Add the core replicated queue manager module to your project's pom.xml:

<dependency>
    <groupId>org.a2aproject.sdk</groupId>
    <artifactId>a2a-java-queue-manager-replicated-core</artifactId>
    <version>${a2a.version}</version>
</dependency>

The ReplicatedQueueManager is annotated in such a way that it should take precedence over the default InMemoryQueueManager. Hence, it is a drop-in replacement.

Replication Strategy Implementation (Required)

You must also include a replication strategy implementation. Currently, we provide one implementation using MicroProfile Reactive Messaging:

<dependency>
    <groupId>org.a2aproject.sdk</groupId>
    <artifactId>a2a-java-queue-manager-replication-mp-reactive</artifactId>
    <version>${a2a.version}</version>
</dependency>

2. Basic Configuration

Add to your application.properties:

# Configure the outgoing channel (QueueManager -> Kafka)
mp.messaging.outgoing.replicated-events-out.connector=smallrye-kafka
mp.messaging.outgoing.replicated-events-out.topic=replicated-events
mp.messaging.outgoing.replicated-events-out.value.serializer=org.apache.kafka.common.serialization.StringSerializer

# Configure the incoming channel (Kafka -> QueueManager)
mp.messaging.incoming.replicated-events-in.connector=smallrye-kafka
mp.messaging.incoming.replicated-events-in.topic=replicated-events
mp.messaging.incoming.replicated-events-in.value.deserializer=org.apache.kafka.common.serialization.StringDeserializer

The channel names replicated-events-in and replicated-events-out correspond to the @Incoming and @Channel annotations in the ReactiveMessagingReplicationStrategy.

3. Kafka Topic Setup

Ensure your Kafka broker has the topic configured:

# Create the replicated-events topic
kafka-topics.sh --create --topic replicated-events --bootstrap-server localhost:9092 --partitions 3 --replication-factor 1

Configuration

Kafka Configuration

Basic Settings

# Kafka broker configuration
kafka.bootstrap.servers=kafka-broker-1:9092,kafka-broker-2:9092

# Topic configuration
mp.messaging.outgoing.replicated-events-out.topic=my-replicated-events
mp.messaging.incoming.replicated-events-in.topic=my-replicated-events

# Consumer behavior
mp.messaging.incoming.replicated-events-in.auto.offset.reset=earliest

Advanced Settings

# Consumer group configuration (important for multiple A2A instances)
mp.messaging.incoming.replicated-events-in.group.id=a2a-instance-group

# Reliability configuration
mp.messaging.outgoing.replicated-events-out.acks=all
mp.messaging.outgoing.replicated-events-out.retries=3

# Performance tuning
mp.messaging.outgoing.replicated-events-out.batch.size=16384
mp.messaging.incoming.replicated-events-in.max.poll.records=500

# Serialization configuration
mp.messaging.outgoing.replicated-events-out.key.serializer=org.apache.kafka.common.serialization.StringSerializer
mp.messaging.incoming.replicated-events-in.key.deserializer=org.apache.kafka.common.serialization.StringDeserializer

Alternative Message Brokers

While Kafka is the primary tested message broker, Quarkus Reactive Messaging supports other brokers:

Apache Pulsar

mp.messaging.outgoing.replicated-events-out.connector=smallrye-pulsar
mp.messaging.incoming.replicated-events-in.connector=smallrye-pulsar
pulsar.client.serviceUrl=pulsar://localhost:6650

AMQP (RabbitMQ, etc.)

mp.messaging.outgoing.replicated-events-out.connector=smallrye-amqp
mp.messaging.incoming.replicated-events-in.connector=smallrye-amqp
amqp-host=localhost
amqp-port=5672

Note: Alternative message brokers have not been tested in this project yet.

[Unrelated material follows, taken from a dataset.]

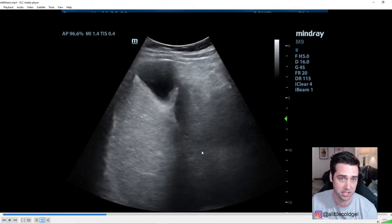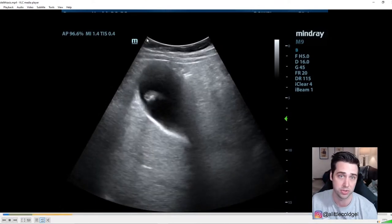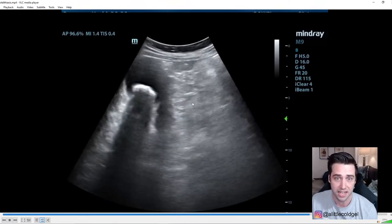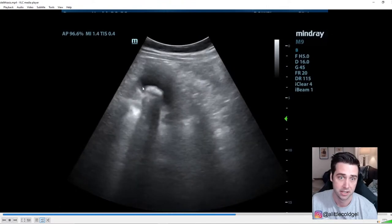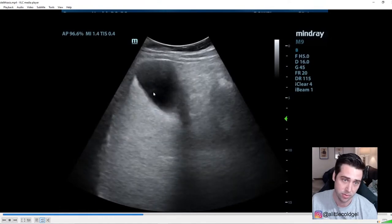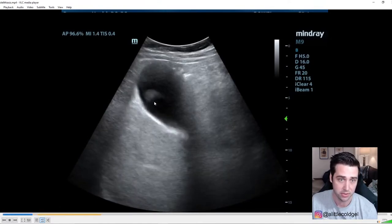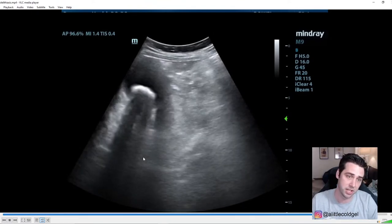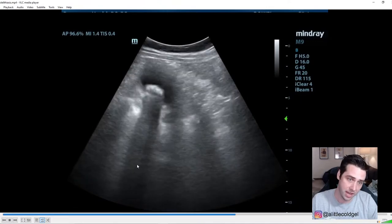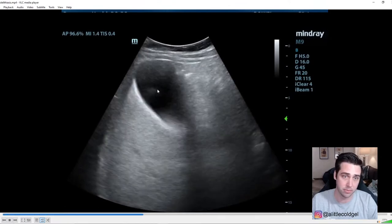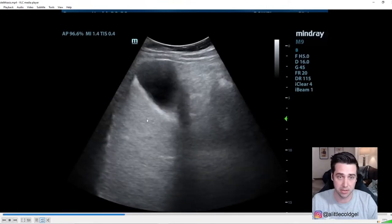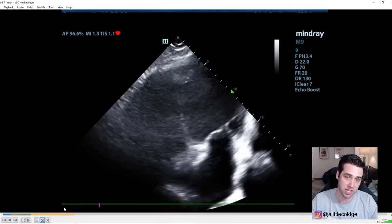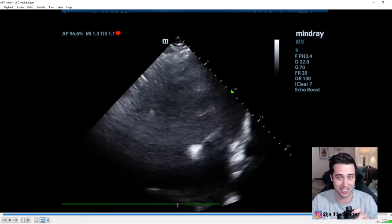This next image is also a gallbladder. Again, first things first — identify the probe: curvilinear probe. Soft tissue here, beginning of your peritoneum. This is actually a pathologic finding in the gallbladder. You see the anechoic sac representing the gallbladder, but this super bright white line is actually a stone. Whenever you have a stone you get a bunch of shadowing behind it, because the ultrasound waves can't travel through the stone. That shadowing is one of the key ways to identify a stone on ultrasound.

WildFly/Jakarta EE Servers

For non-Quarkus environments, you'll need to configure MicroProfile Reactive Messaging according to your application server's documentation. The exact configuration will depend on your server's messaging capabilities, but generally, you will need to make sure the same properties as above are made available to the server application.

How It Works

Event Flow

  1. Event Generation: When an event is generated in the A2A system (e.g., TaskStatusUpdateEvent), it's enqueued in the local queue
  2. Replication Hook: The ReplicationHook intercepts the event and sends it to the replication strategy
  3. Message Broker: The replication strategy serializes the event and sends it to the configured message broker
  4. Event Reception: Other A2A instances receive the event from the message broker
  5. Local Processing: The received event is deserialized and enqueued in the local instance's queue
  6. Event Processing: The local instance processes the replicated event, updating its state accordingly

Event Types

The system replicates various event types while preserving their specific types:

  • TaskStatusUpdateEvent: Task state changes (SUBMITTED, COMPLETED, etc.)
  • TaskArtifactUpdateEvent: Task artifact changes
  • Message: Chat messages and responses
  • Task: Complete task objects
  • JSONRPCError: Error events

Serialization

Events are serialized using Jackson with polymorphic type information to ensure proper deserialization:

{
  "taskId": "task-123",
  "event": {
    "@type": "TaskStatusUpdateEvent",
    "taskId": "task-123",
    "status": {
      "state": "completed",
      "timestamp": "2023-09-29T10:30:00Z"
    },
    "final": true,
    "kind": "status-update"
  }
}

Production Considerations

Kafka Partitioning Strategy

Critical for scalability and correctness: How you partition your Kafka topic significantly impacts system performance and behavior.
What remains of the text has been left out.